**Your goal:**
The listing below must be repeated word for word, with its images excluded.

**Supplied material:**
::::::::::

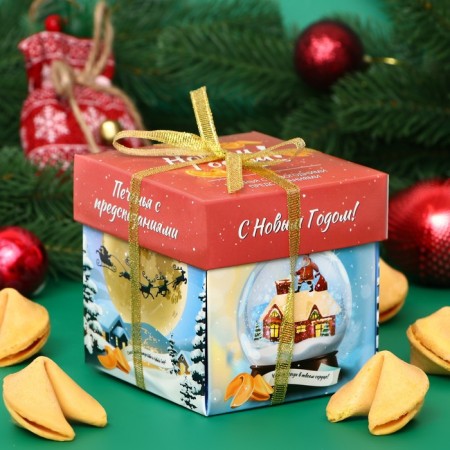 Sanding cookies with youth predictions "Miracles fly to you!", Red, 35 g, 5 pcs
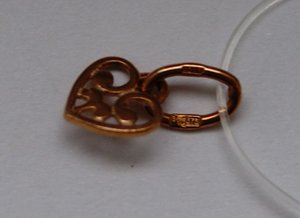 Подвеска новая с ярлыком , Аu 375 пр., 0,21 гр., МПЦ 320 р.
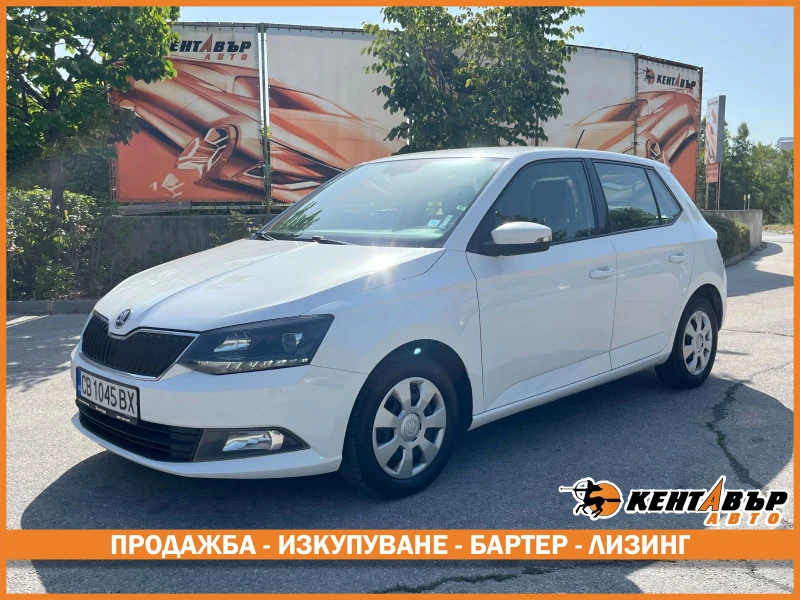 Skoda Fabia Фабрична ГАЗ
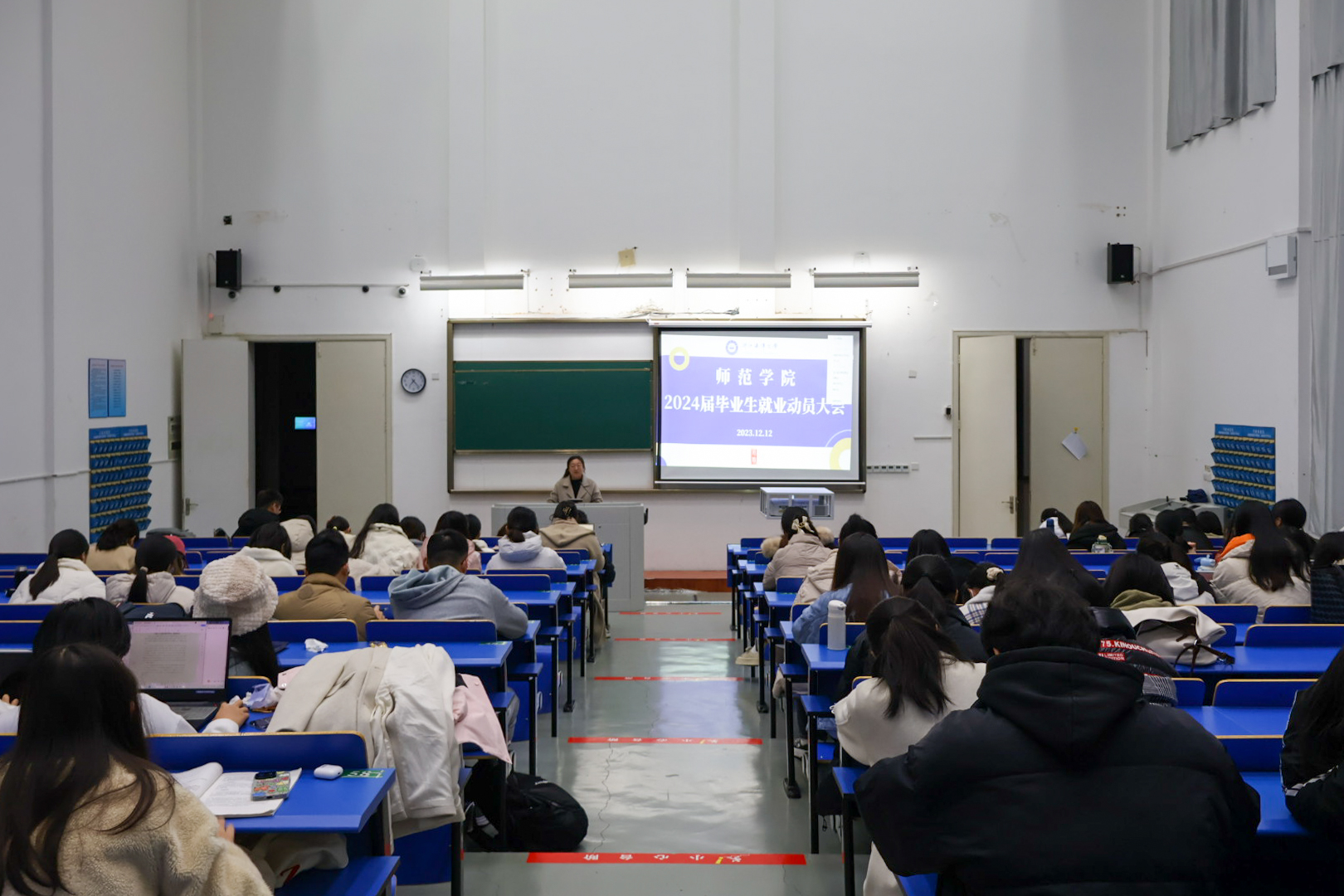 QQ图片20231212202325.jpg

::::::::::

**Solution to this task:**
 Sanding cookies with youth predictions "Miracles fly to you!", Red, 35 g, 5 pcs
 Подвеска новая с ярлыком , Аu 375 пр., 0,21 гр., МПЦ 320 р.
 Skoda Fabia Фабрична ГАЗ
 QQ图片20231212202325.jpg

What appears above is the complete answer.